If you think about Smith, Lasswell, and Casey’s statement that those of us who study communication investigate, “who says what, through what channels (media) of communication, to whom, [and] what will be the results” you should realize how truly complex a task we perform. While we’ll explore many examples later in the book, we want to briefly highlight a few examples of what you might study if you are interested in Communication as a field of study.
Studying communication is exciting because there are so many possibilities on which to focus. For example, you might study elements of the history and use of YouTube (Soukup, 2014); the use of deception in texting (Wise & Rodriguez, 2013); college students’ “guilty pleasure” media use (Panek, 2014); how sons and daughters communicate disappointment (Miller-Day & Lee, 2001); an examination of motherhood in lesbian-headed households (Koenig Kellas & Suter, 2012); or daughters’ perceptions of communication with their fathers (Dunleavy, Wanzer, Krezmien, Ruppel, 2011).
Communication Helps with Diplomacy
The above examples demonstrate just a small taste of what we can examine through the lens of communication. In reality, studying communication has almost limitless possibilities. That’s what makes this field so dynamic and exciting! When you think about the infinite number of variables we can study, as well as the infinite number of communication contexts, the task of studying “who says what, through what channels (media) of communication, to whom, [and] what will be the results?” is open to countless possibilities. The study of communication has proven helpful to us as social beings as we work to better understand the complexities of our interactions and relationships.

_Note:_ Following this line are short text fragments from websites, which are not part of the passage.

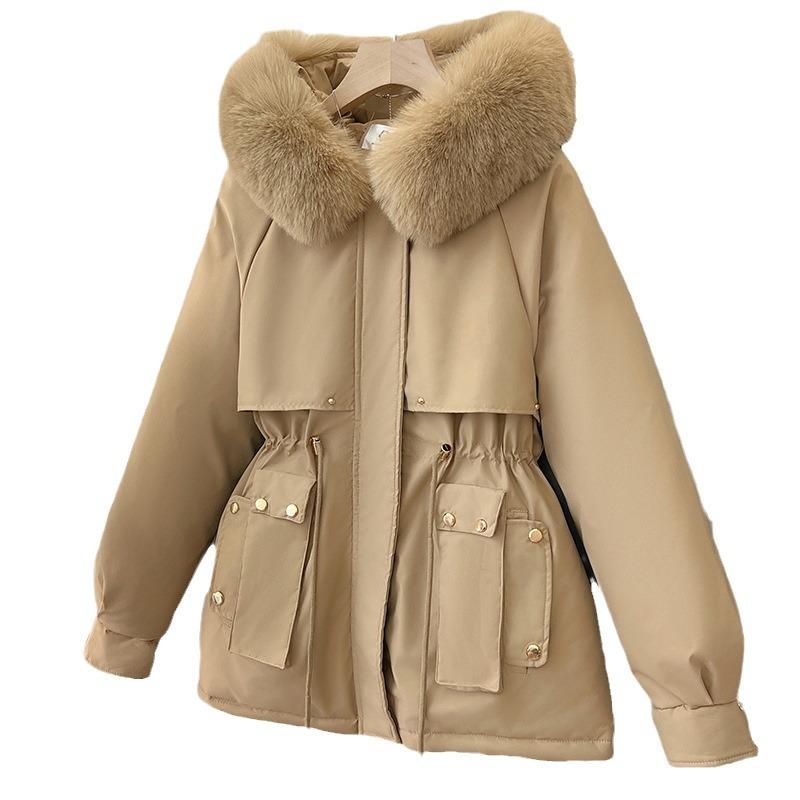 Jachetă parka pentru femei Jachetă parka călduroasă de iarnă Jachetă parka căptușită cu lână cu buzunare Jachetă lungă de iarnă în aer liber cu glugă Jachetă îngroșată rezistentă la vânt pentru femei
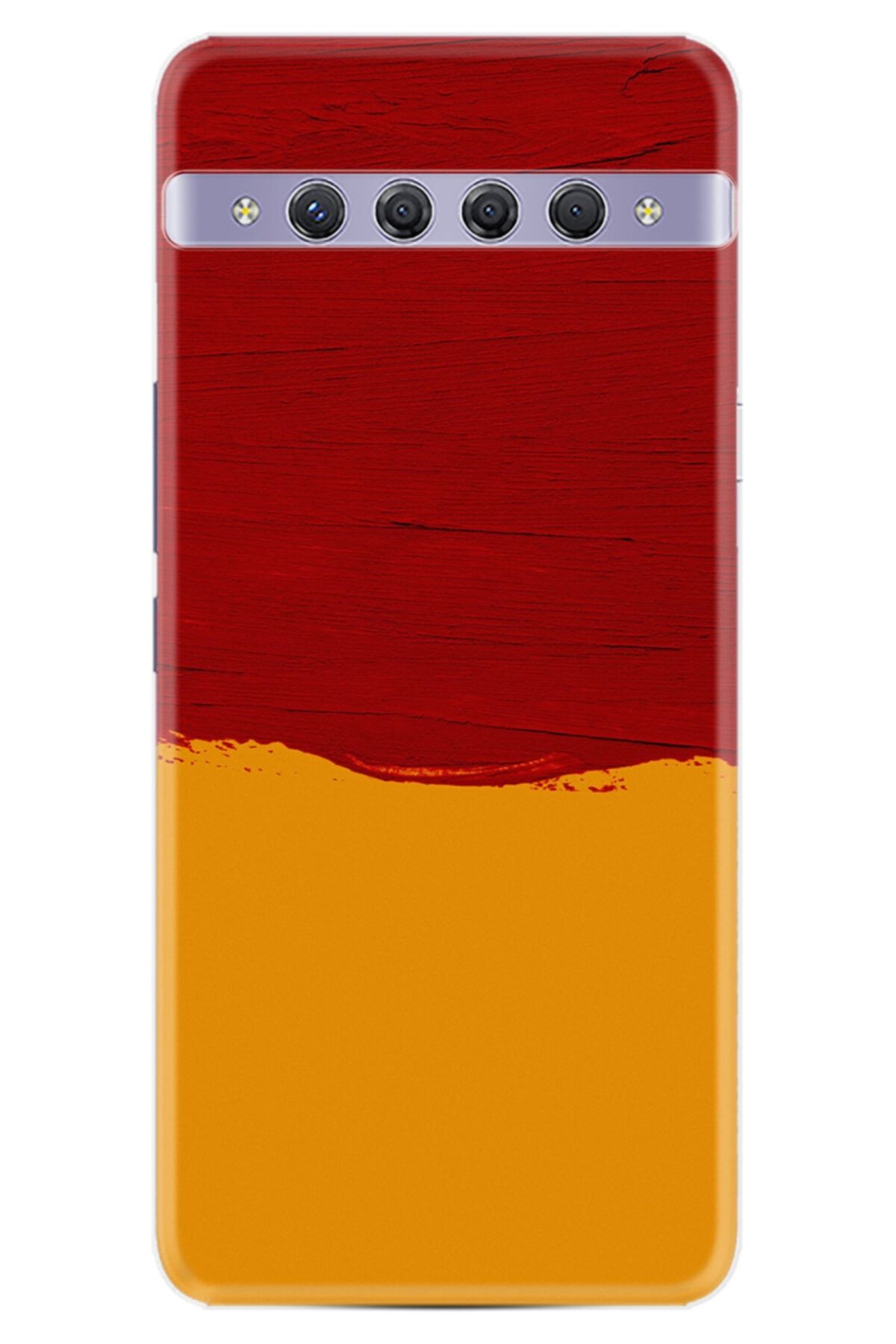 TCL 10 Plus Kılıf Silikon Desen Özel Seri Sarı Kırmızı Boya 1708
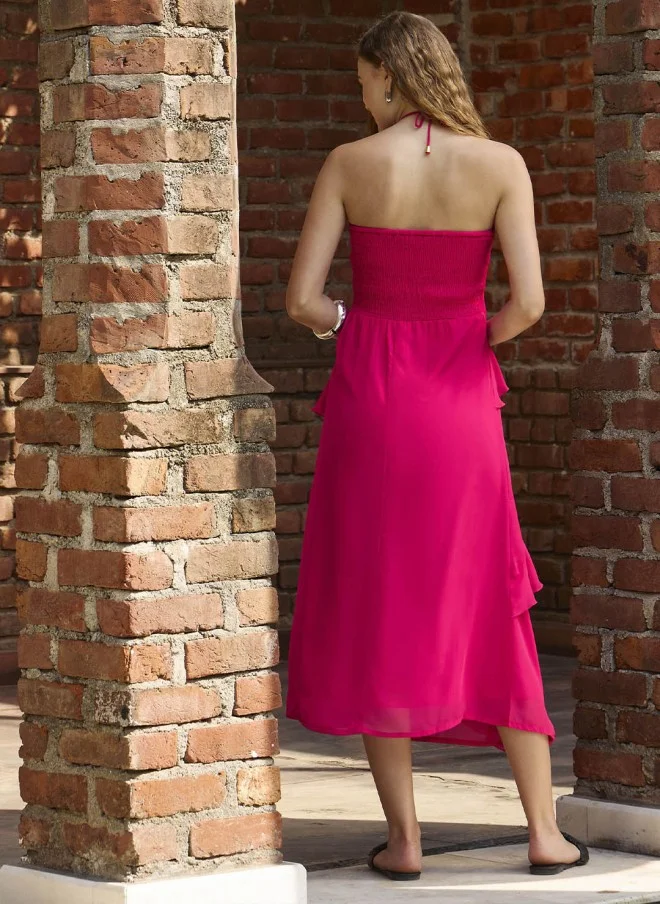 SASSAFRAS Fuchsia Halter Neck Ruffles Midi Dress for Women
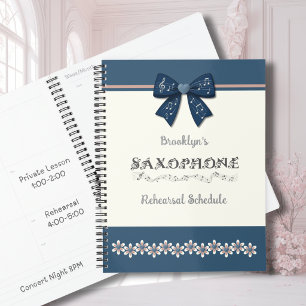 Trendy Blue Coquette Bow Saxophone Music Planner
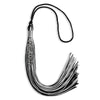 Black/Silver Mixed Color Graduation Tassel with Stacked Silver Date Drop by Wholesale Grad Supply
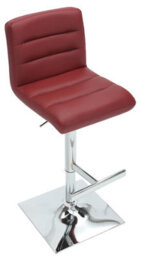 Lamboro Luscious Bar Stool, Height Adjustable Swivel Breakfast Bar Chair, Faux Leather Seat, Chrome Base & Footrest, Berry Red - thumbnail 6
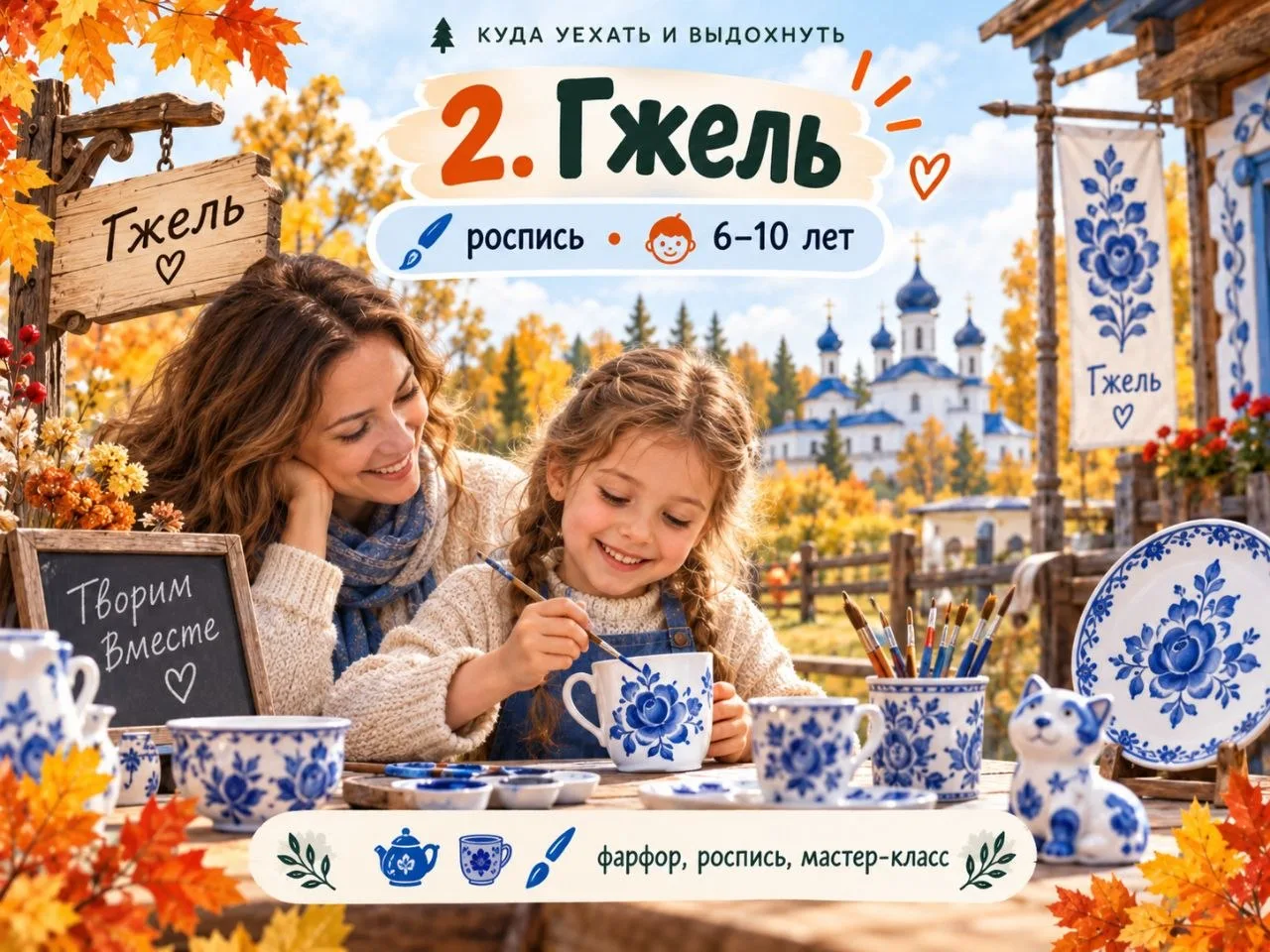 2. ГЖЕЛЬ: МЕСТО, ГДЕ РЕБЁНКУ МОЖНО НАКОНЕЦ ВСЁ ТРОГАТЬ 🎨💙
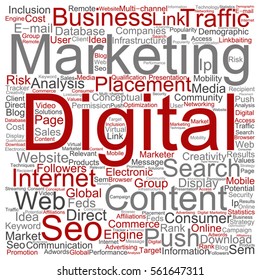 Vector concept or conceptual digital marketing seo or traffic square word cloud isolated on background  metaphor to business, market, content, search, web, push, placement, communication or technology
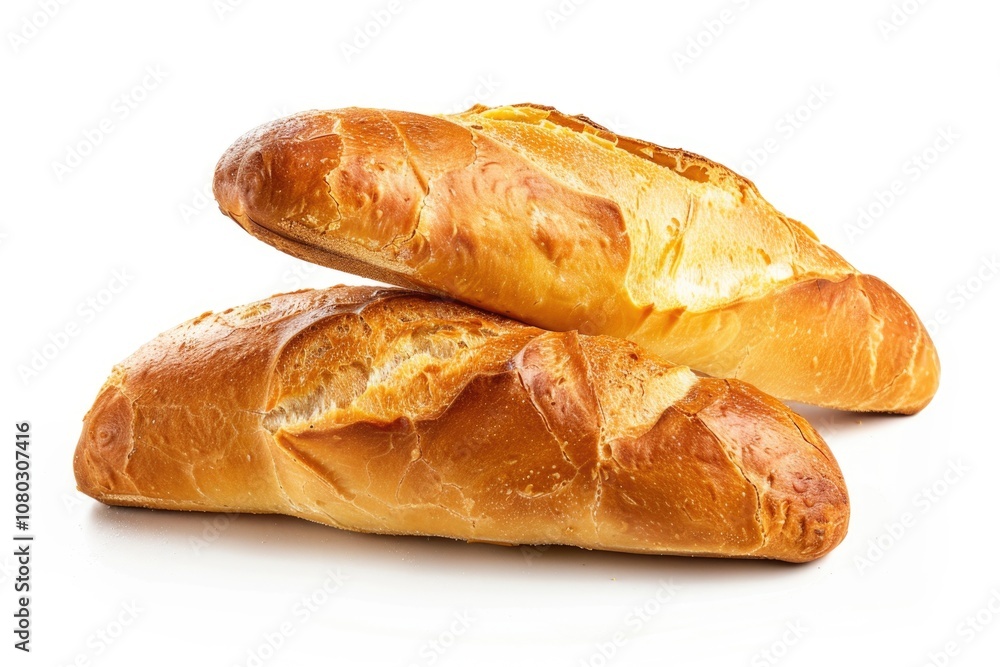 A pair of bread rolls stacked on top of each other A pair of bread rolls stacked on top of each other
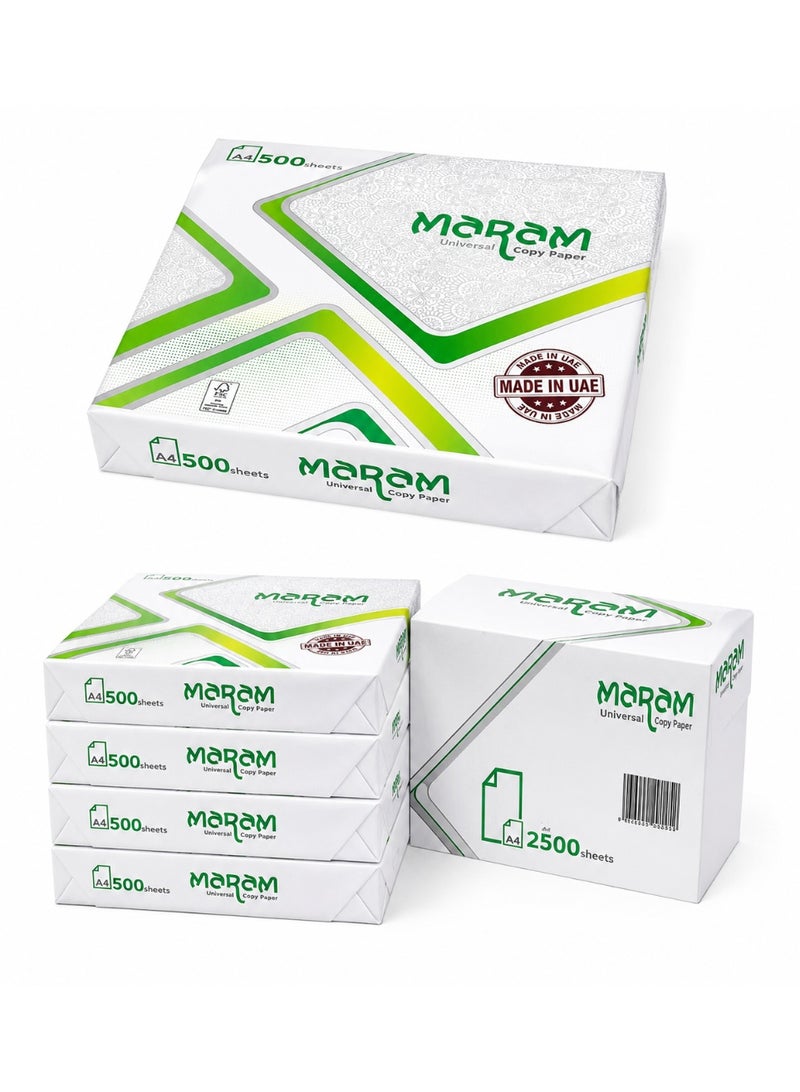 A4 Copy Paper 80 GSM, Premium Multipurpose Printer Paper, High Whiteness, Jam-Free for Inkjet & Laser Printers, 500 Sheetsx 5 MADE IN UAE Jumbo Value Pack of 5, 2500 Sheets - Image 1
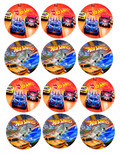 Set of 12 "Hot Wheels Cars" pre cut edible image discs for desserts, drink toppers, choose your size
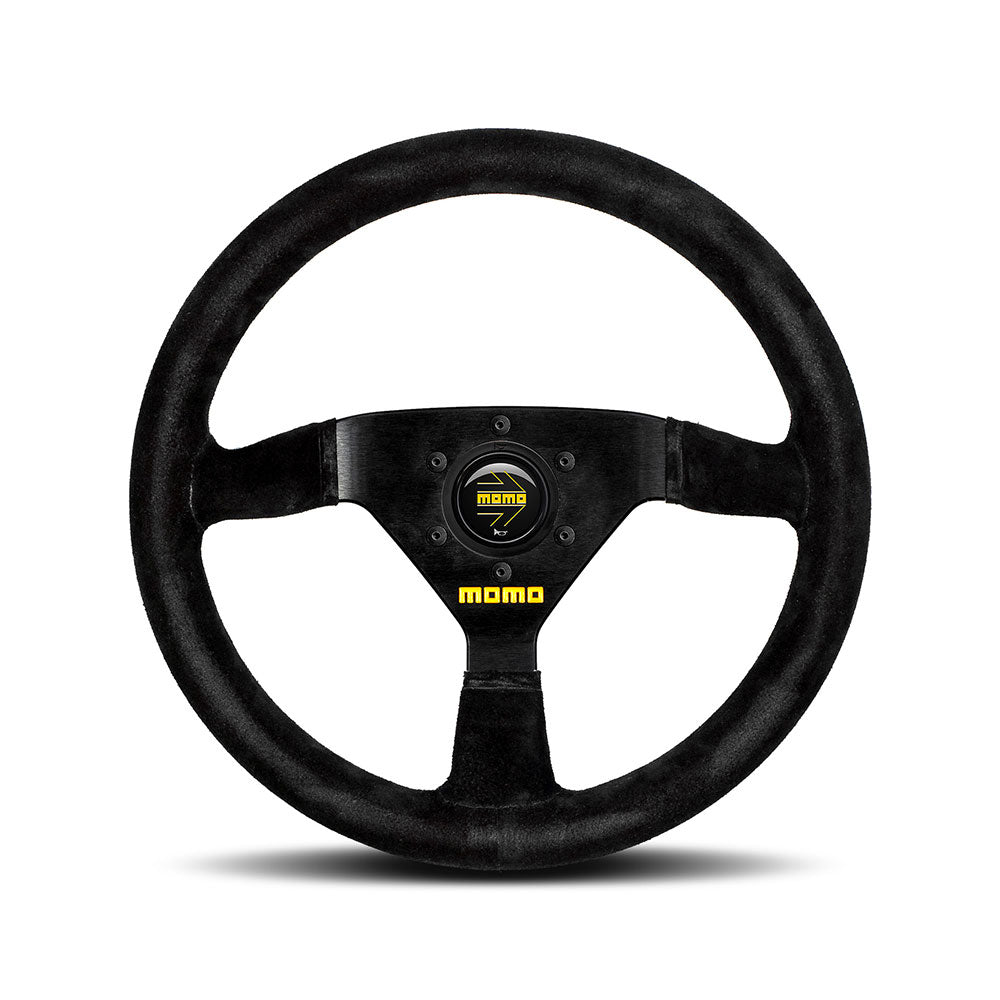 Volante Momo Mod. 69 a Calice (39 mm), Scamosciato Nero, Razze Nere - 35 cm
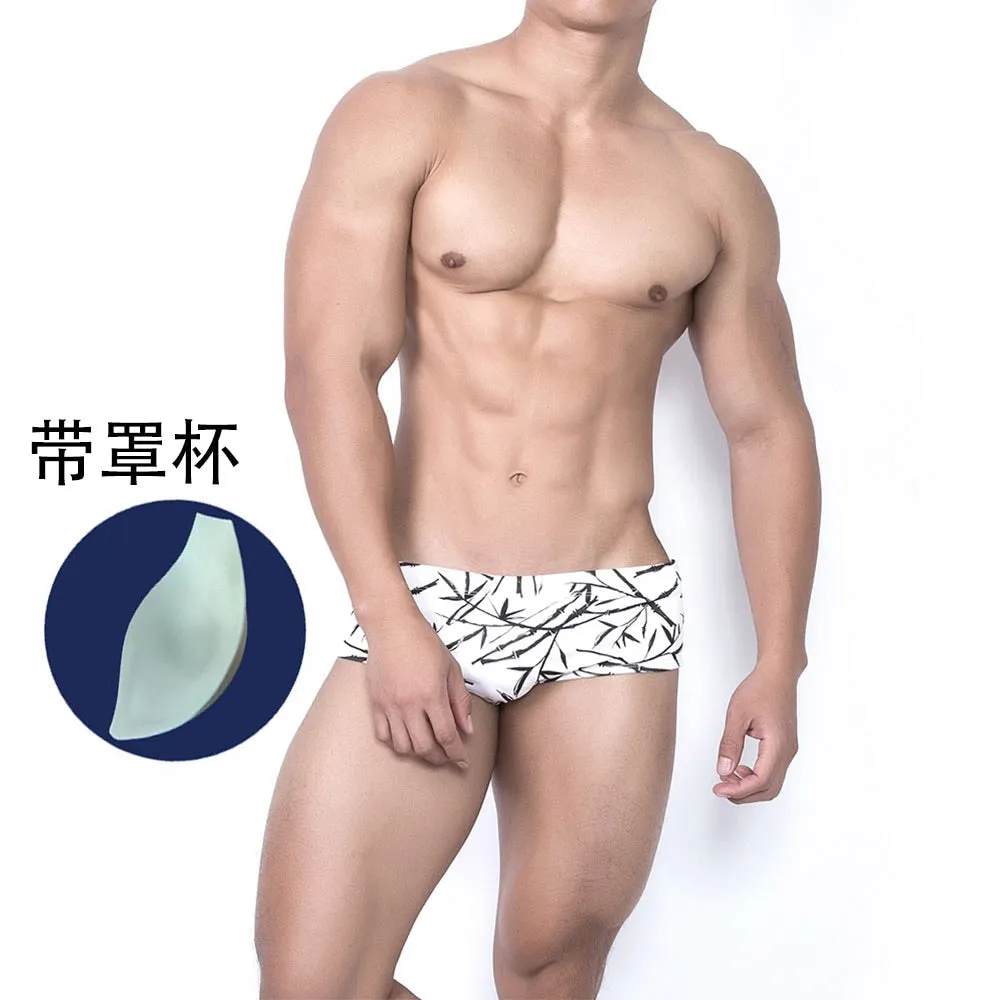 Polyester Low Waist Push-Up Beach Surfing Printed Swimsuit for Men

As an Indiana State University student taking an introductory Communication course, you might be thinking, “Why does this matter to me?” One reason it is important for you to study and know communication is that these skills will help you succeed in personal, social, and professional situations. A survey by the National Association of Colleges and Employers found that “College students who wish to separate themselves from the competition during their job search would be wise to develop proficiencies most sought by employers, such as communication, interpersonal, and teamwork skills.” The more you understand communication, the greater potential you have to succeed in all aspects of your life.
Careers with a Communication Degree
The kind of skills developed by Communication majors is highly valued by all kinds of employers. Courses and activities in Communication departments both teach and make use of the skills ranked consistently high by employers. Students with a degree in Communication are ready to excel in a wide variety of careers. Forbes listed “The 10 Skills Employers Want in 20-Something Employees.” Look to see how many relate directly to what you would learn as a Communication major.
- Ability to work in a team
- Ability to make decisions and solve problems
- Ability to plan, organize and prioritize work
- Ability to communicate verbally with people inside and outside an organization
- Ability to obtain and process information
- Ability to analyze quantitative data
- Technical knowledge related to the job
- Proficiency with computer software programs
- Ability to create and/or edit written reports
- Ability to sell and influence others
Excerpt from: Adams, S. (2013, October 11). The 10 skills employers most want in 20-something employees. Forbes.